Podobnej zbrodni dopuszcza się bohaterka ballady Adama Mickiewicza zatytułowanej „Lilie”. W utworze tym, motywem morderstwa jest obawa przed karą za cudzołóstwo. „Zbrodnia to niesłychana pani zabija pana” który wraca z wyprawy wojennej. Także Zły pan z II części „Dziadów” może być przykładem nad tryumfem zła w człowieku. Pan ów cierpi nawet po śmierci, gdyż za życia uchodził za tyrana, gnębił swoich poddanych i był dla nich bezlitosny.

Nie zapominajmy, iż uosobioną formą zła jest szatan, który na każdym kroku usiłuje rozbudzić zło w człowieku. Na różne sposoby próbuje uśpić ludzką czujność, co prowadzi do pochopnych i złych wyborów. Postać diabła pojawia się w „Fauście” J.W. Goethego, gdzie tytułowy bohater sprzedaje duszę w zamian za obietnice poznania „wszystkich tajemnic”. W efekcie umowa z szatanem doprowadza Fausta niemalże do wiecznego potępienia.

Zło przejawia się w ludziach także brakiem współczucia wobec innych. Ludzie widząc otaczającą ich szkodę nie próbują jej w żaden sposób zapobiec, tym samym zezwalają na jej dalszy postęp. Taka postawę w „Miłosierdziu gminy” Marii Konopnickiej reprezentuje ludność małego szwajcarskiego miasteczka, która urządza licytacje ludzi starszych co ma na celu zrzucenie ciężaru utrzymywani większej rodziny z biedniejszych obywateli.
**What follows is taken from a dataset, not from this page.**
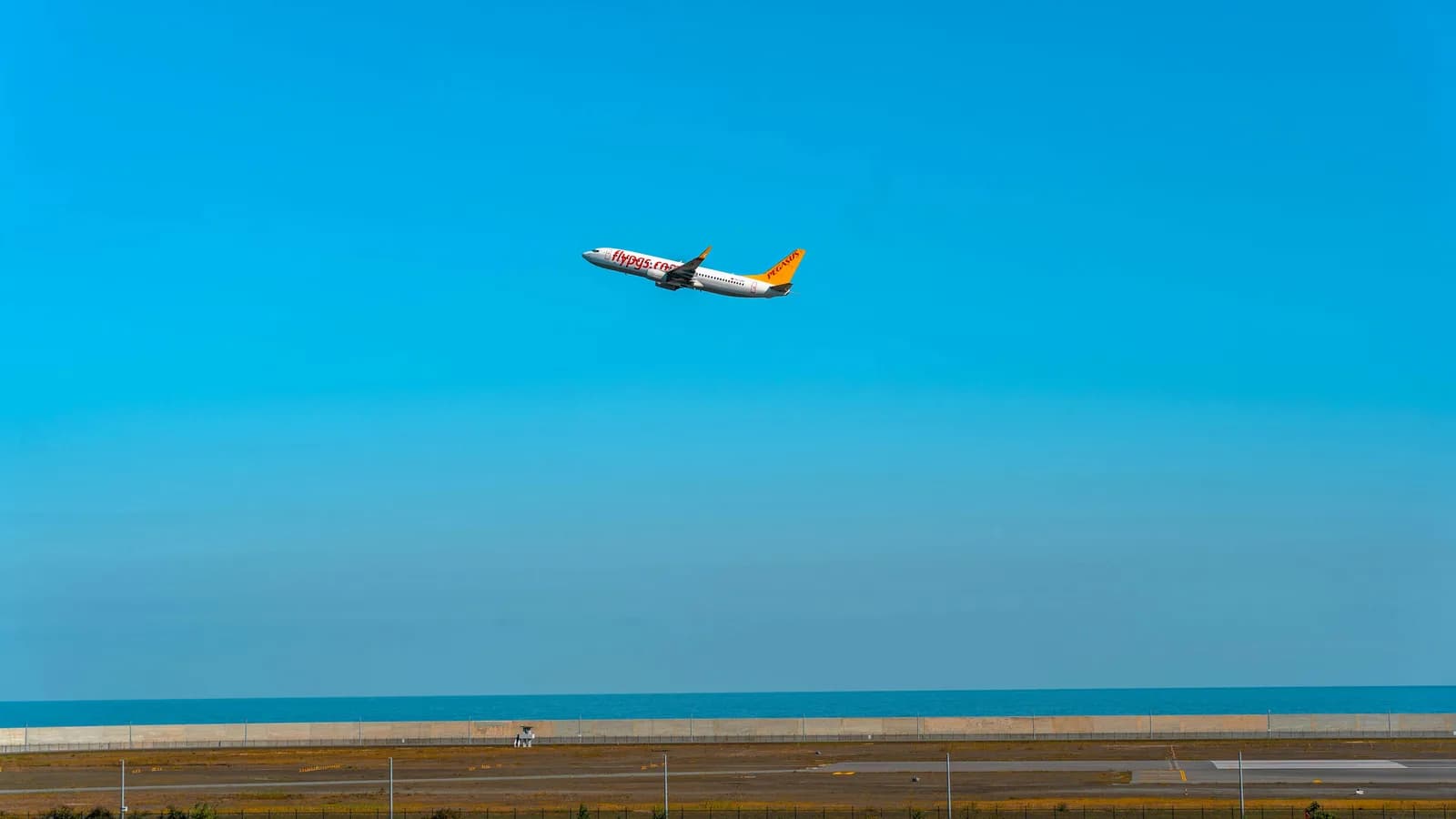 Naples International Airport (NAP)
Bohater noweli, Kunz Wunderli został oddany na licytacje. Do tej sytuacji dopuszcza jego własny syn, któremu szkoda na zniedołężniałego ojca pieniędzy.

Niektóre ludzkie czyny prowadza do wielu konfliktów. Większe konflikty są przyczynami wojen, które zmuszają wielu ludzi do popełniania zbrodni, zabijania. Wojna jest zła, ale nie wszyscy którzy biorą w niej udział są do końca zepsuci. Wielu ludzi, których sumienie nigdy nie pozwoliłoby na popełnienie jakiejkolwiek zbrodni, musiało przeciwstawić się własnej naturze i dopuścić się mnóstwa zbrodni. Jednym z takich ludzi był Krzysztof Kamil Baczyński, który próbował oderwać się od otaczającej go rzeczywistości poprzez własne wiersze.

Motyw zła jest również obecny w powieści A. Camusa pod tytułem "Dżuma". Tytułowa choroba jest złem, które nie tylko panuje na świecie, ale jest wewnątrz każdego człowieka „Wiem na pewno, że każdy nosi w sobie dżumę, nikt bowiem, nie, nikt na świecie nie jest od niej wolny”. Walka z epidemią, która wyniszcza ludzi, to w istocie walka ze złem, które nie jest karą za grzechy zesłaną przez Boga, ale wywodzi się od samego człowieka. Ludzie nigdy z nim nie wygrają; triumf nad złem nie jest wieczny „...Bakcyl dżumy nigdy nie umiera i nie znika, może przez dziesiątki lat pozostać uśpiony...”.

Zło Towarzyszy nam od pradziejów, jest nieodłącznym elementem świata ludzi i nic nie wskazuje na to, że nas opuści. Pochodzi z człowieka, ale z człowieka pochodzi również dobro. To jacy jesteśmy zależy od naszego sumienia oraz wyborów jakie w życiu podejmujemy. W każdym znajduje się pierwiastek zła, ale tylko od nas zależy czy pozwolimy mu rozwinąć się do tego stopnia aby zamienił nas w bezduszne maszyny.